HBase Architecture

After working on HBase from past one and half year I decided to share my understanding. In this blog I will try to describe the high level functioning of HBase and the different components involved.

HBase – The Basics:
HBase is an open-source, NoSQL, distributed, column-oriented data store which has been implemented from Google BigTable that runs on top of HDFS. It was developed as part of Apache’s Hadoop project and runs on top of HDFS (Hadoop Distributed File System). HBase provides all the features of Google BigTable. We can call HBase a “Data Store” than a “Data Base” as it lacks many of the features available in traditional database, such as typed columns, secondary indexes, triggers, and advanced query languages, etc.
The Data model consists of Table name, row key, column family, columns, time stamp.

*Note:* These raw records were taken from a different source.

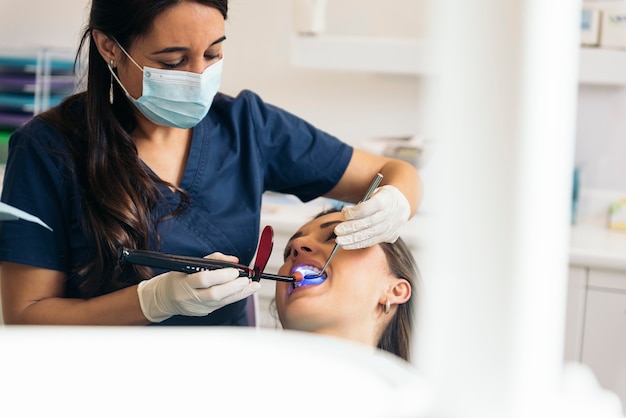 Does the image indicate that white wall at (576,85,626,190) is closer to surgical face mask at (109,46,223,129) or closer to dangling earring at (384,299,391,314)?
dangling earring at (384,299,391,314)

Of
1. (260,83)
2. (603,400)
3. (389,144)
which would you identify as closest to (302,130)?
(260,83)

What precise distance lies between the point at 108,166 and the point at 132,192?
5cm

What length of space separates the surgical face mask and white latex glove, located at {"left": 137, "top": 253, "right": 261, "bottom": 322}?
223 millimetres

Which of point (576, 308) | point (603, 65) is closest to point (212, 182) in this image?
point (576, 308)

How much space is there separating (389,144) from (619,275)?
56 centimetres

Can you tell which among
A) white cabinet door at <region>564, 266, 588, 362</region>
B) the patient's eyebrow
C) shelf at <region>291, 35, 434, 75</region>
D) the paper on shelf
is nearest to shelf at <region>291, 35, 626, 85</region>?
shelf at <region>291, 35, 434, 75</region>

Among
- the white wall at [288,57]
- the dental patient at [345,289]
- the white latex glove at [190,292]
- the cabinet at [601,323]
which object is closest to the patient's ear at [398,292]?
the dental patient at [345,289]

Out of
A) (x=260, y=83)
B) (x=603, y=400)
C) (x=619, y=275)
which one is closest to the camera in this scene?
(x=603, y=400)

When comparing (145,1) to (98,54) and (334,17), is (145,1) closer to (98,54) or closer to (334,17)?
(98,54)

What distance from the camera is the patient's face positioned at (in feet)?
3.78

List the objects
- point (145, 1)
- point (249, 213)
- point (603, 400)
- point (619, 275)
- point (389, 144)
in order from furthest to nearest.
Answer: point (619, 275), point (389, 144), point (249, 213), point (145, 1), point (603, 400)

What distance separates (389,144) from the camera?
1.54 metres

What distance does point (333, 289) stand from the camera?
118 cm

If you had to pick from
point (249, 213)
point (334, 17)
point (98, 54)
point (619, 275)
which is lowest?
point (619, 275) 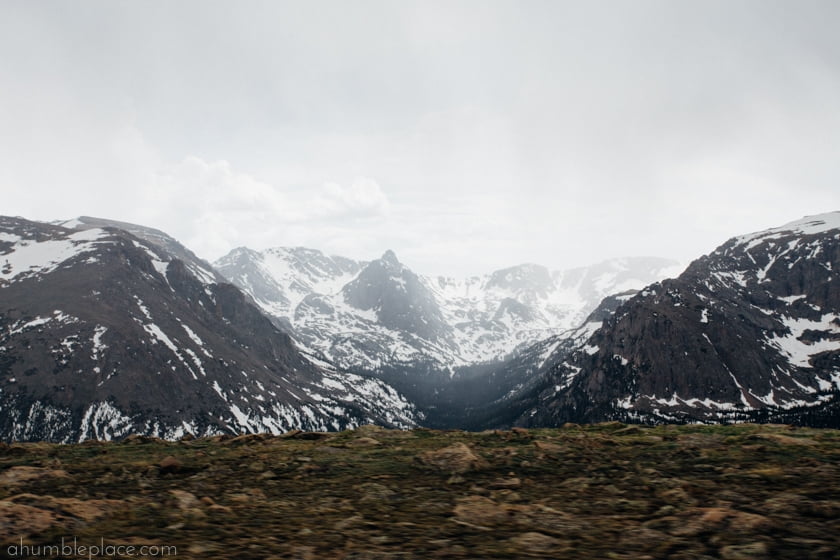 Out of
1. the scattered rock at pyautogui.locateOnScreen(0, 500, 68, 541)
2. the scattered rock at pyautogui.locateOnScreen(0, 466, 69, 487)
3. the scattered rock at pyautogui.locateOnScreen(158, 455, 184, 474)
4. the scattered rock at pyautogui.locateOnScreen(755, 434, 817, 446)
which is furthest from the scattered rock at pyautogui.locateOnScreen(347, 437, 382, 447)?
the scattered rock at pyautogui.locateOnScreen(755, 434, 817, 446)

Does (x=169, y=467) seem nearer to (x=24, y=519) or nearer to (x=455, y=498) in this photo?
(x=24, y=519)

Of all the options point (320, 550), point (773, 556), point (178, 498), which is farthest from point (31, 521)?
point (773, 556)

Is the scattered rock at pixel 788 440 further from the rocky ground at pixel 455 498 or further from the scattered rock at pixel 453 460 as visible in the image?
the scattered rock at pixel 453 460

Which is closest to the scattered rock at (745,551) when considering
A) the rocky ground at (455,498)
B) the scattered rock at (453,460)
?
the rocky ground at (455,498)

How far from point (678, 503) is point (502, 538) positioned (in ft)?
Answer: 16.3

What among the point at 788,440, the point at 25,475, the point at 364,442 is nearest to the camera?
the point at 25,475

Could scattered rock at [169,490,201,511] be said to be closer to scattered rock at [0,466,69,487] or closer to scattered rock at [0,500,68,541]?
scattered rock at [0,500,68,541]

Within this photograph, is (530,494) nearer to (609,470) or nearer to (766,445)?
(609,470)

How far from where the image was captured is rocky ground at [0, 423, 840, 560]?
9.35 meters

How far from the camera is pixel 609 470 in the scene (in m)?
15.7

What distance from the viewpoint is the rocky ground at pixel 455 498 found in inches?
368

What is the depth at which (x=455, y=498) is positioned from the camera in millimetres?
13328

While creating tables in HBase, the rows will be uniquely identified with the help of row keys and time stamp. In this data model the column family are static whereas columns are dynamic. Now let us look into the HBase Architecture.

HBase Architecture:
HBaseARchitecture
HBase Architecture Components:

  1. HMaster: The HBase HMaster is a lightweight process responsible for assigning regions to RegionServers in the Hadoop cluster to achieve load balancing.
  2. RegionServer: HBase RegionServers are the worker nodes that handle read, write, update, and delete requests from clients. The RegionServer process typically runs on each Hadoop node in the cluster.
  3. ZooKeeper: Zoo keeper helps in keeping a track of all region servers that are there for HBase. Zoo keeper keeps track of how many region servers are there, which region servers are holding from which data node. HMaster gets the details of region servers by contacting Zoo keeper.
  4. Memstore: Memstore is an in-memory storage, hence the Memstore utilizes the in-memory storage of each data node to store the logs. Rows are written to theMemStore. The data in the MemStore is ordered.When certain thresholds are met, Memstore data gets flushed into HFile. Every time Memstore flush happens one HFile created for each ColumnFamily
  5. HFile: HFiles are the actual storage files i.e. physical representation of data in HFile, specifically created to serve one purpose: store HBase’s data fast and efficiently. Clients do not read HFiles directly but go through region servers to get to the data.

HBase Table Operations :

  1. Reads: Client read requests are directed to the proper RegionServer by the ZooKeeper service. Clients can read all columns for a given row, or read an entire column or column family for a range of rows.
  2. Writes: An HBase write to a single row is atomic, meaning the whole operation either succeeds or fails, even if the write occurs across column families. A write operation to multiple rows however is not atomic, some row writes may succeed while others fail.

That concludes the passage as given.